Stored data:
Segment Open

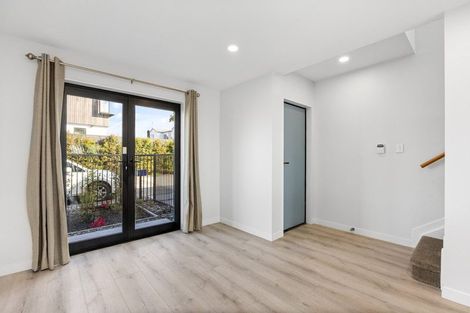 Photo of property in 2 Lords Way, Silverdale, 0932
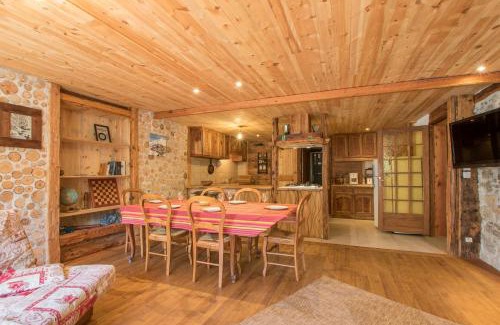 Saint-Paul-sur-Ubaye Apartment | La Petite Serenne - Vue Montagne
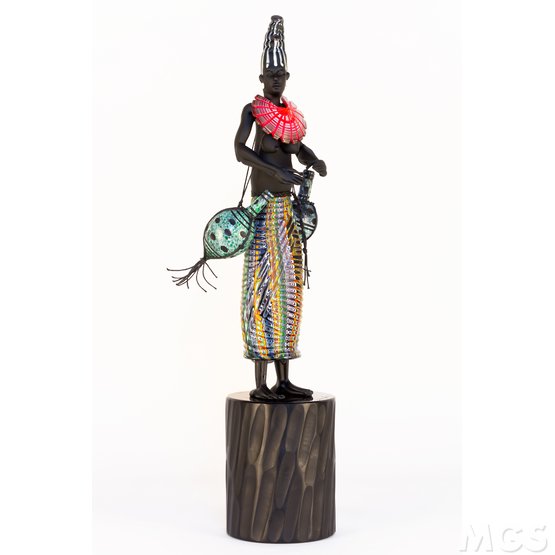 Masai, Femme masaï avec amphores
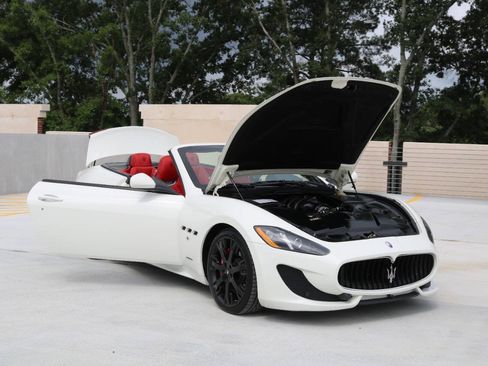 Used 2014 Maserati GranTurismo MC RWD image 65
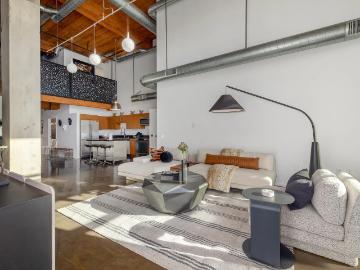 530 S Hewitt St, Unit 131, Los Angeles, CA 90013 | MLS #260005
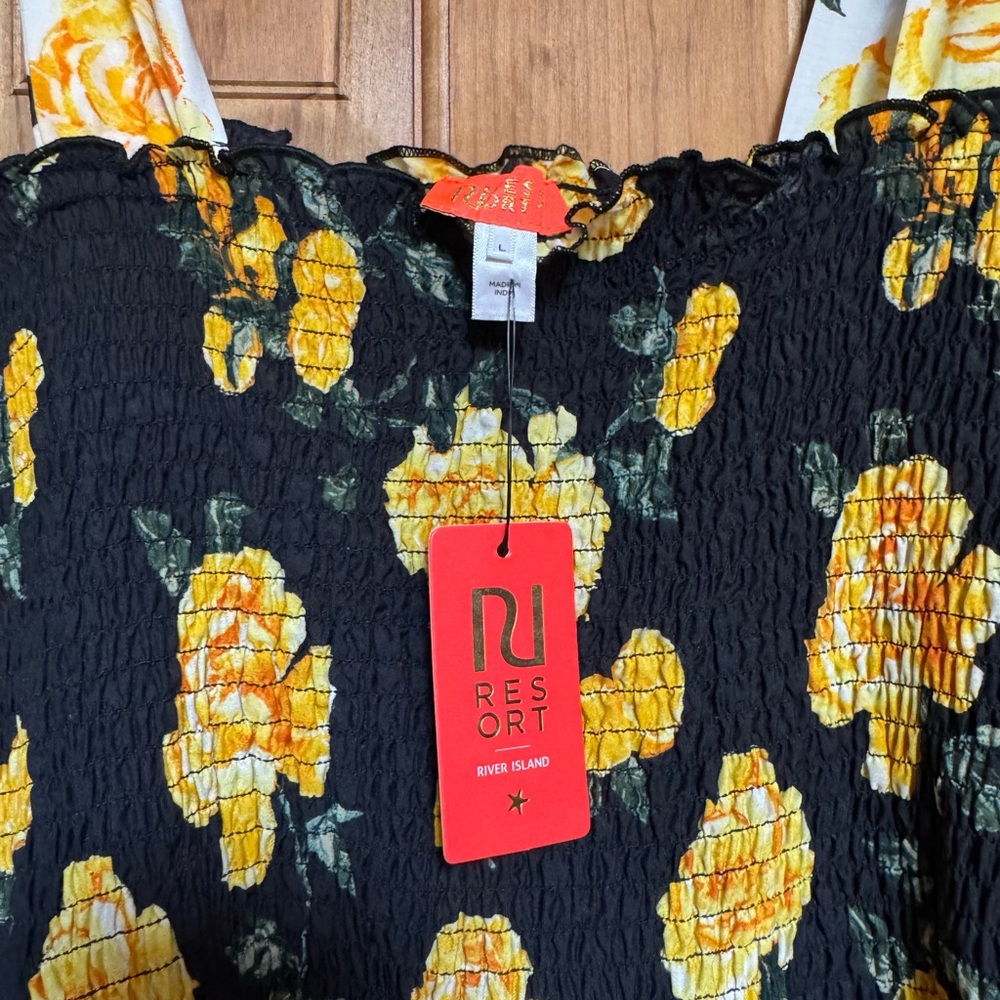 River Island Floral Dress - Picture 8 of 14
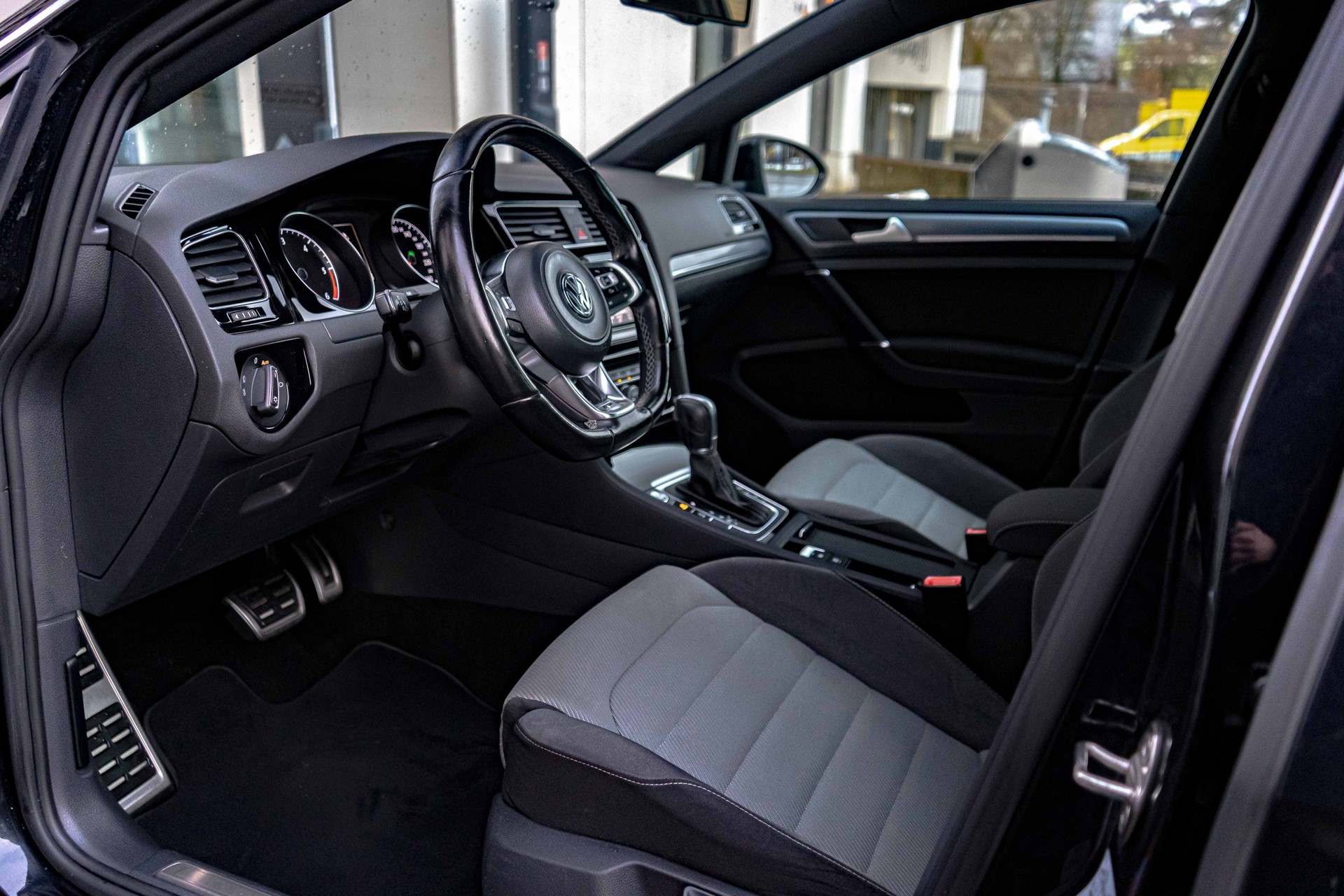 VW Golf 2.0 TDI Cup R-Line DSG-image-8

Segment Closed

WHAT IS NEEDED: Starting at the line that contains "Used 2014 Maserati", reproduce every line through the last one in the records exactly, and omit all pictures.

EXERCISE OUTPUT:
 Used 2014 Maserati GranTurismo MC RWD image 65
 530 S Hewitt St, Unit 131, Los Angeles, CA 90013 | MLS #260005
 River Island Floral Dress - Picture 8 of 14
 VW Golf 2.0 TDI Cup R-Line DSG-image-8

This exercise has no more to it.